Some learnings about working with large data

macrozone · February 25, 2020, 7:28pm

I wanted to share some learnings from an older application we have on meteor.

Don’t use cursor.observe or cursor.observeChanges to trigger actions

its tempting to use observe to trigger some action (e.g. sending an email or doing some denormalization) using observe or observeChanges.

E.g. if you have a collection Activities which contains some activities of users. You might want to do:

Activity.find().observe({
  added: () => {
     // doing something when entry is added
  }, 
  changed: () => {
     // doing something when entry is changed
  }
})

this would be nice, because it would also trigger when you add data into your database from some other source. But:

it will trigger on every instance that runs of your application. If you do something like that, make sure to define one of your instances to be a “worker”, e.g. by defining some environment variable and make only that instance have these triggers (and cronjobs or similar)
it will trigger added whenever that instance starts for every document in the selection
when the observed set is big, it will take a lot of time and memory to start and will never settle down using that memory. I think that’s the biggest design flaw in that.

use hooks or methods and dedicated functions for actions and denormalization

Instead of using observe, use hooks instead: matb33:collection-hooks or better: be very very specific about what happens when something is mutated. E.g. add all functions that should be additionaly executed when adding a new entry inside the method or mutation that adds this entry to the db or even better put the whole body of your method inside another function and work only with these functions. Never use a Collection directly outside of these functions.

E.g.

const addNewActivity = (data) => {
   Activities.insert(data);
   sendEmailBasedOnActivityAdded(data);
   updateSomeDenormalizedStats(data);
   // whatever else should happen
}

These functions are also easier to test and reason about. It’s part of your business logic. You can import them into your methods or call them from everywhere on your server.

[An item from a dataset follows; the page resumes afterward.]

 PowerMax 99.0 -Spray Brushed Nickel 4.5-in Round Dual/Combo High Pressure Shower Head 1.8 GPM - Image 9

When using hooks or calling these functions inside of your methods, everything will run on whatever instance received the request. This has the advantage that you don’t have to have a dedicated worker for that. On the other hand, if you trigger some cpu-intensive (cpu-bound) action, the cpu of this instance will be blocked and it probably will be unable to process other requests. So be careful with that.

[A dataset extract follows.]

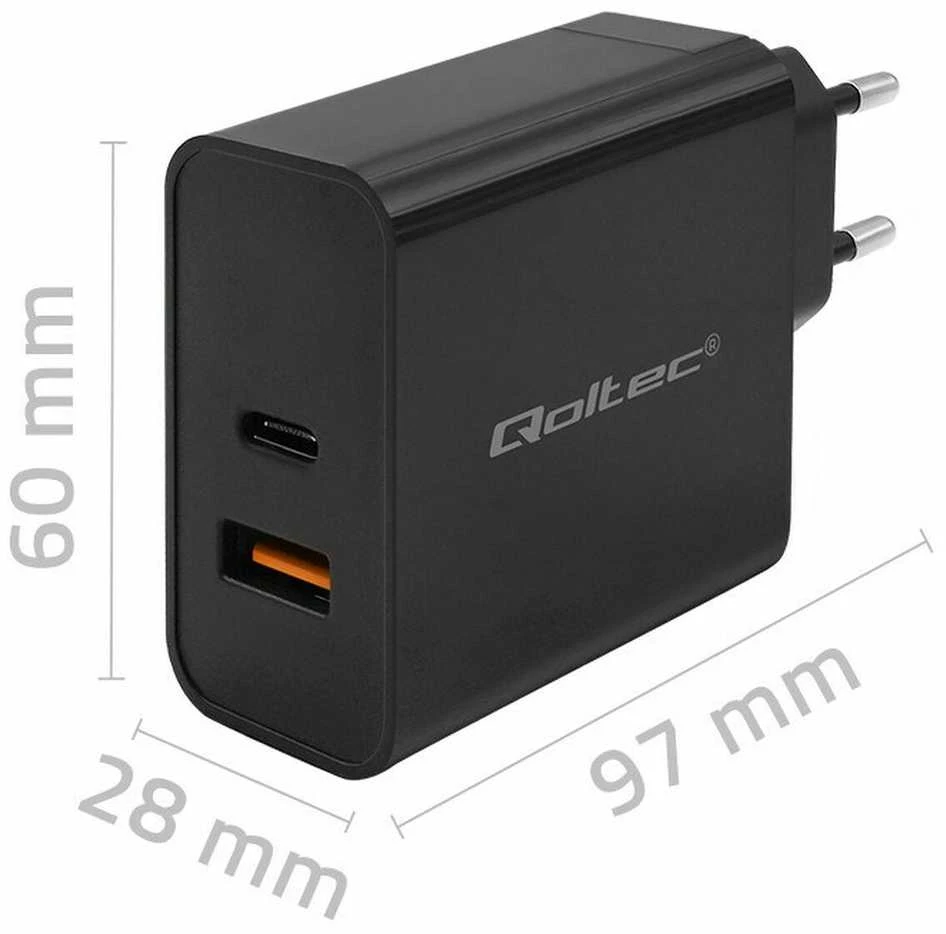 Įkroviklis - Qoltec 52381 90W PD 1xUSB-C 1xUSB Juodas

If you do migrations or generating cpu intensive exports from your data, you should do that with a cronjob and only do it on a worker-instance that won’t receive public requests.

be careful when iterating over large datasets (e.g. in migrations).

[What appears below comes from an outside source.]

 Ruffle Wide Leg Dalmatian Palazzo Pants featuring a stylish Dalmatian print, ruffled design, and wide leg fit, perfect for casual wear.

When you need to iterate over a collection, you might write:

Activities.find().forEach(
   activity => {
     // do some complicated stuff 
   }
)

This is not very memory consuming, because Activities.find() won’t return an array, but a cursor instead. BUT:

Because in meteor, most functions are sync and blocking, these iterations run one at a time and in sequence but might take a long time to finish, so if you // do some complicated stuff that take a lot of time, the cursor might timeout and you will receive: MongoError: Cursor not found, cursor id: <someId> (see https://stackoverflow.com/questions/46423442/mongodb-cursor-not-found)

In most cases its better to do:

const activities = Activities.find().fetch(); // will return the full array

// alternativly use something like
// const activityIds = Activities.find().map(a => a._id); 
// if you are only interested in the id of the documents and want to save memory

activities.forEach(
   activity => {
     // do some complicated stuff 
   }
)

this will take more memory, in particular if you do a fetch, but it will be more stable (and sometimes even faster), especially if your server is busy.

Bonus: logging progress of migrations, cronjobs, etc.

If you have something that takes some time to execute (e.g. a migration or an export), add a good log function right from the start that tracks the progress. Everything that can go wrong, will go wrong, so you will be thankful if you know where exactly it went wrong.

If you don’t want to have too much log entries, you can also try to ony log every n processed entries. E.g. use something like this:


const timeElapsed = {};
const progressLog = (message, index, count, func) => {
  if (index === 0) {
    console.log(`${message} | started, ${count} entries total`);
    timeElapsed[message] = new Date().getTime();
  }

  func();

  const steps = Math.ceil(count / 100);
  if (index >= count - 1) {
    console.log(`${message} | finished`);
  }
  if ((index + 1) % steps === 0) {
    const progress = (index + 1) / count;
    const now = new Date().getTime();
    const elapsed = Math.round((now - timeElapsed[message]) / 1000);
    const estimated = (elapsed / (index + 1)) * count;
    const left = Math.round(estimated - elapsed);
    const percent = Math.round(progress * 100);
    console.log(
      `${message} | ${percent}% (${index +
        1} / ${count}), elapsed ${elapsed}s, ~${left}s left until ${new Date(
        now + left * 1000
      ).toLocaleTimeString()}`
    );
  }

  // only log every 1 percent
};

export default progressLog;


// and then

const activities = Activities.find().fetch();
activities.forEach((activity, index) => {
  progressLog(`processing activities`, index, activities.length, () => {
    processActivity(activity);
  });
});

it does not handle error cases but this could be added easiy.